I don't think that is how she feels she "can" wrestle with the type any more than I feel that's how I can wrestle with the type because of Thomas Endymion Fairlight Wilkes-Dashwood, whose past is only a little more palatable. I suspect that in both cases it's just that that's how that character presented himself and there was little she/I could do about it. I know that's what happened to ME.

(Mind you, I'm still pissed off about the way that she and Bear were treated, and am more sure than ever that 90% of Metafandom is full of shite; YMMV, and clearly does, but if they'd have done to me what they did to them, I'd have told them all to frak off a lot sooner. A kelpie is a shapeshifter and can pretend to be anything, and that's what it was doing; if whatsherface had finished the book she'd have known that.
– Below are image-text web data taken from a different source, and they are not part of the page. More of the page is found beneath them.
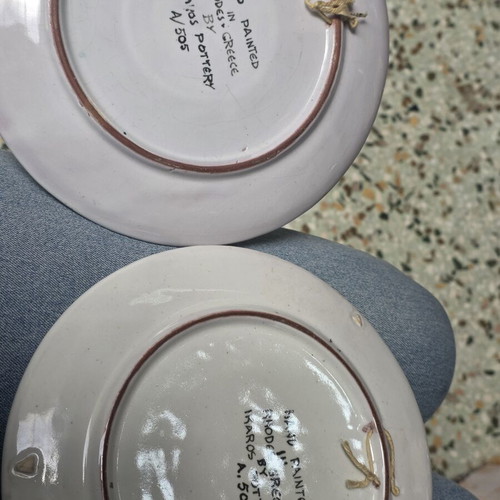 Ceramic plates Ikaro like new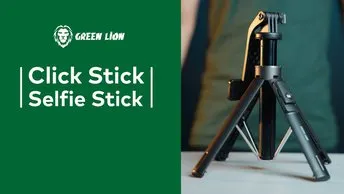 Buy Green Lion Click Stick Selfie Stick in UAE | Quadruped Supported, Diversified Bracket - Black | (GNCLISTICKBK)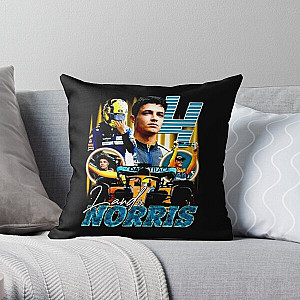 Bootleg Lando Norris Rap Throw Pillow RB1210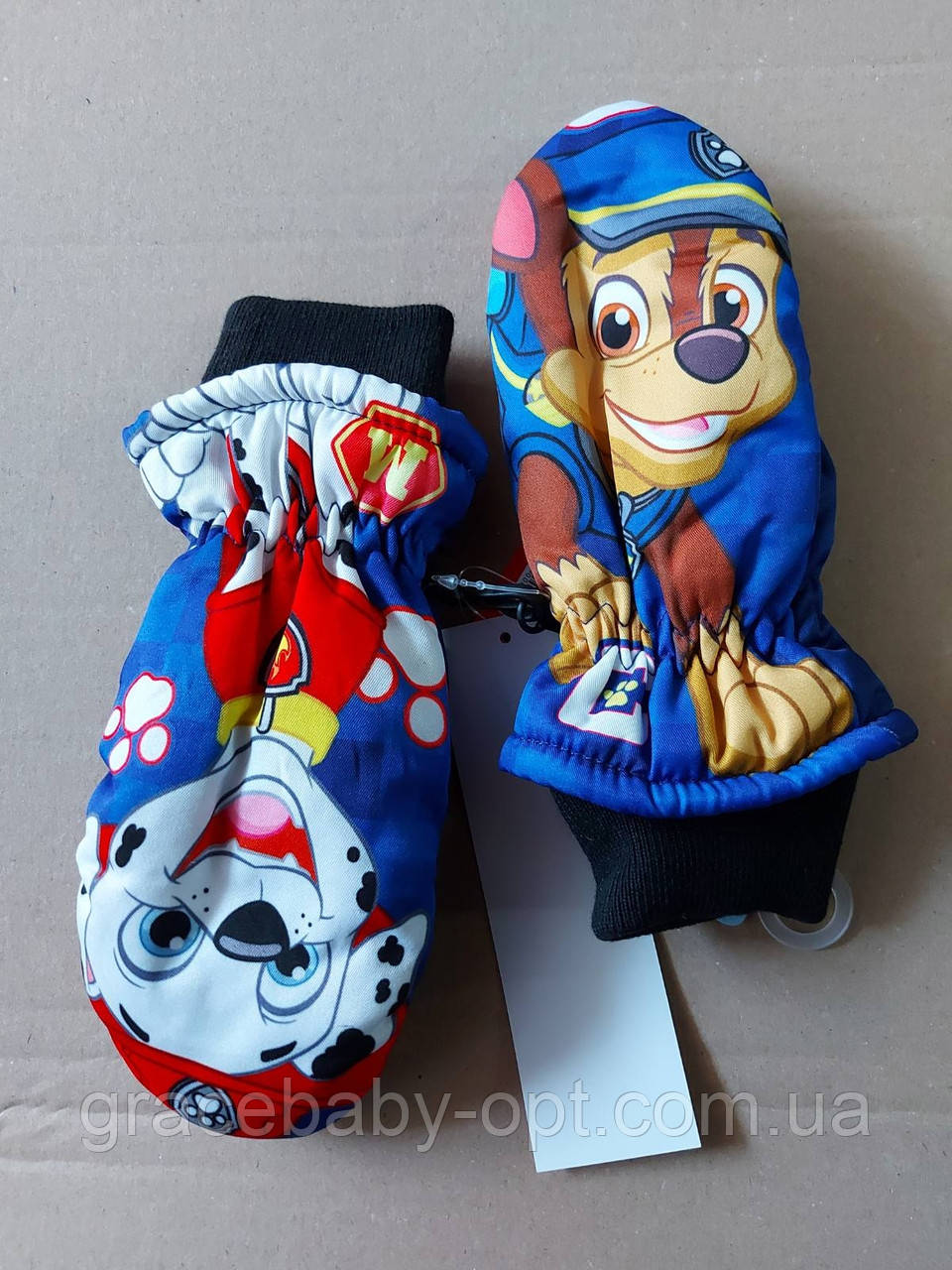 Рукавички для хлопчика оптом, DISNEY, № 800-625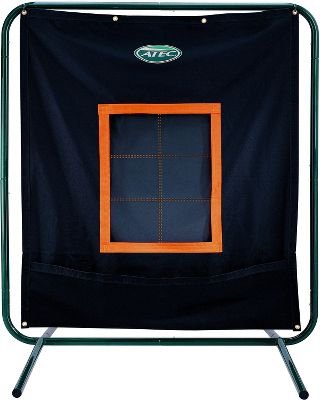 Atec Pitchers Practice Screen And Stand Combo - Baseball Cages & Screens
You can throw books at walls and never touch them again if they don't entertain you, and it's your right to have any opinion you like, but if you expect an author to take you seriously you'd better finish the book imnsho and have some idea what you are talking about, and I don't care if you're BLUE. I am against racism, but also against the brand of anti-racism that refuses to recognise that a more sensitive detector of anything, racism included, will occasionally return a few fucking false positives!)

(no subject)

Date: 2009-02-02 19:29 (UTC)
From: [identity profile] starlady38.livejournal.com
I agree that they've been dragged through the mud unfairly, though I haven't read the book in question--but it does seem to be a question of false positives from what I can tell at such a remove. It's the reaction to the original discussion where all the crazy wankery started happening.

Re: Felix (or re: Endymion for that matter), I don't mean to suggest that there's something wrong in any sense with the authors or the characters in question; terrible things happen to all manner of people in fiction and in life, and I wouldn't want fiction to not reflect that. :-) I just do think it's interesting that Monette describes Felix as a Byronic character, since I don't think that description would have occurred to me independently. But after re-reading The Mirador (which I have to say is probably my favorite of the three, though they're all great), I think I was able to understand better how Felix's past has influenced who he is in the present, in a way that made me believe his characterization that much more. And I do think that comparing Felix and Manfred (or for that matter, Felix and Lord Byron) sheds some interesting light on Manfred/Byron, in a way that hints that they may have been less sanguine about their pasts than they tried to portray themselves. Did that make sense?